Hypertension affects approximately 20% of Americans (1). "The Seventh Report of the Joint National Committee on Prevention, Detection, Evaluation, and Treatment of High Blood Pressure defines hypertension as a blood pressure exceeding 139/89 mm Hg for adults aged 18 years or older based on the mean of 2 or more properly measured seated BP readings on each of 2 or more office visits. A new category designated prehypertension has been added to these guidelines. Individuals with a systolic BP of 120 to 139 mm Hg or a diastolic BP of 80 to 89 mm Hg should be considered as prehypertensive and require health-promoting lifestyle modifications to prevent cardivoascular disease. The prevalence of hypertension increases with age and most individuals with hypertension are diagnosed with primary (essential) hypertension. Hypertension is a major risk factor for stroke, ischemic heart disease, and cardiac failure. It is the second most common reason for office visits to physicians in the United States. Despite the increasing understanding of the pathophyisology of hypertension, control of the disease is often difficult and far from optimal. Idiopathic (primary or essential) hypertension accounts for approximately 85 % of the diagnosed cases. It is estimated that approximately 15 % of hypertensive patients have identifiable conditions that result in blood pressure elevation (secondary hypertension) such as primary renal disease, oral contraceptive use, sleep apnea syndrome, congenital or acquired cardiovascular disease (i.e. coarctation of the aorta) and excess hormonal secretion.

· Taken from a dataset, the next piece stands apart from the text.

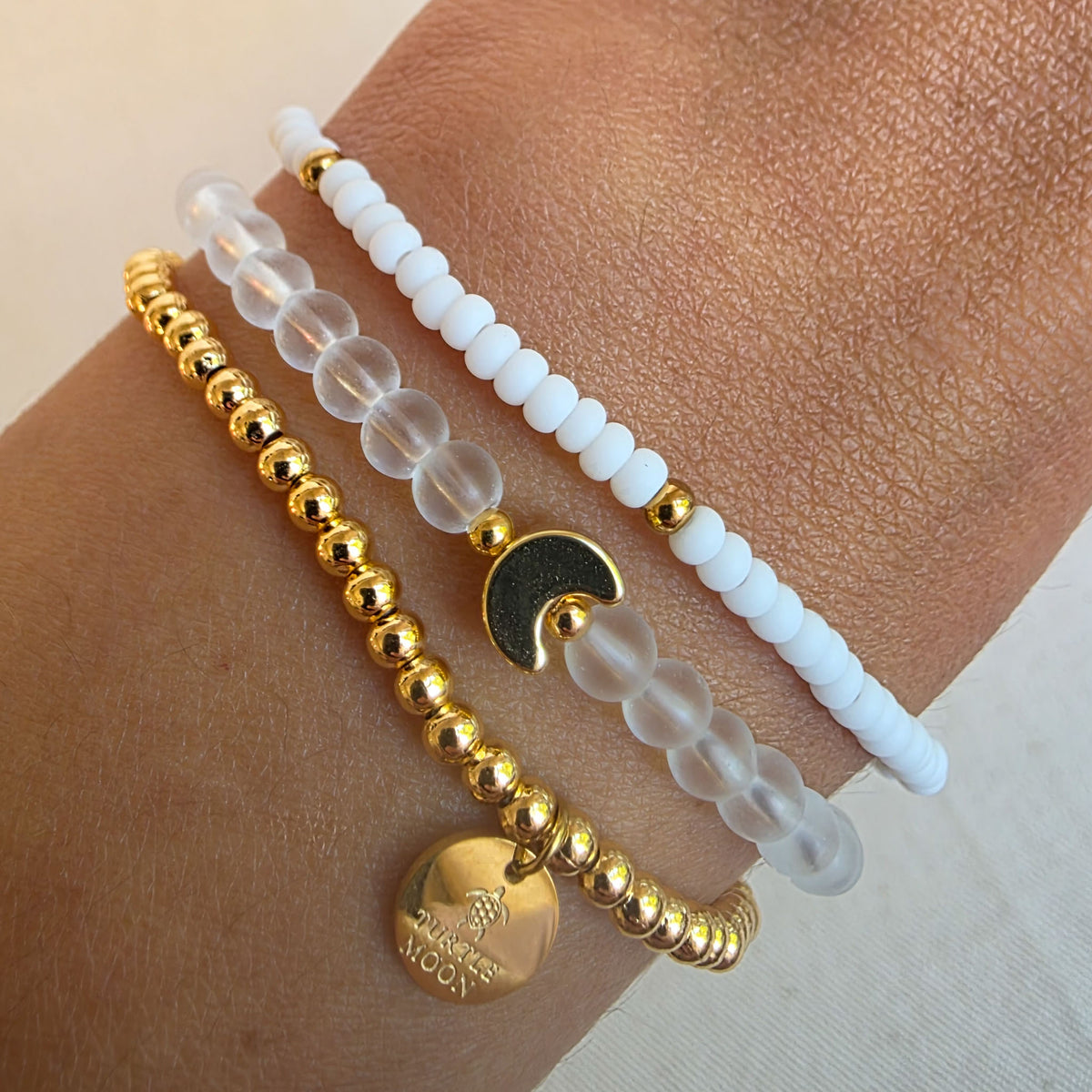 Snow Moon Moonlight Stack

Endocrine Hypertension is a term assigned to states in which hormonal derangements result in clinically significant hypertension. The most common causes of endocrine hypertension are excess production of mineralocorticoids (i.e. primary hyperaldosteronism), catecholamines (pheochromocytoma), and glucocorticoids (Cushing's syndrome). One important question in this regard is when to screen for secondary causes. The clinician should carefully screen for other cardinal signs and symptoms of Cushing's syndrome, hyperthyroidism, acromegaly, or pheochromocytoma. Hypertension in young patients and refractory hypertension (characterized by the use of > 3 antihypertensive drugs) should alert the physician to pursue screening for secondary causes. The importance of endocrine mediated hypertension resides in the fact that in most cases, the cause is clear and can be traced to the actions of a hormone, often produced in excess by a tumor, i.e. removing an aldosteronoma in a patient with hypertension due to primary aldosteronism. More importantly, once the diagnosis is made, a disease-specific targeted antihypertensive therapy can be implemented, and in some cases, surgical intevention may result in complete cure, obviating the need of a life-long antihypertensive treatment.

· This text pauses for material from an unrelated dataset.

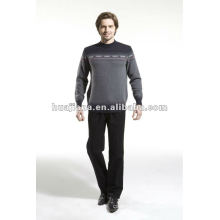 Stoll machine men's cashmere knitting pullover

Clinical Diagnosis of Endocrine Hypertension

The first step when evaluating a patient with suspected endocrine-related hypertension is to exclude other causes of secondary hypertension, particularly renal disorders. A detailed medical history should be obtained. The onset of hypertension and the response to previous anti-hypertensive treatment should be determined, not forgetting that most hypertensive patients have poor compliance. The extent of target organ damage (i.e. retinopahy, nephropathy, claudication, abdominal or carotid bruits) and the overall cardiovascular risk status should also be explored in detail.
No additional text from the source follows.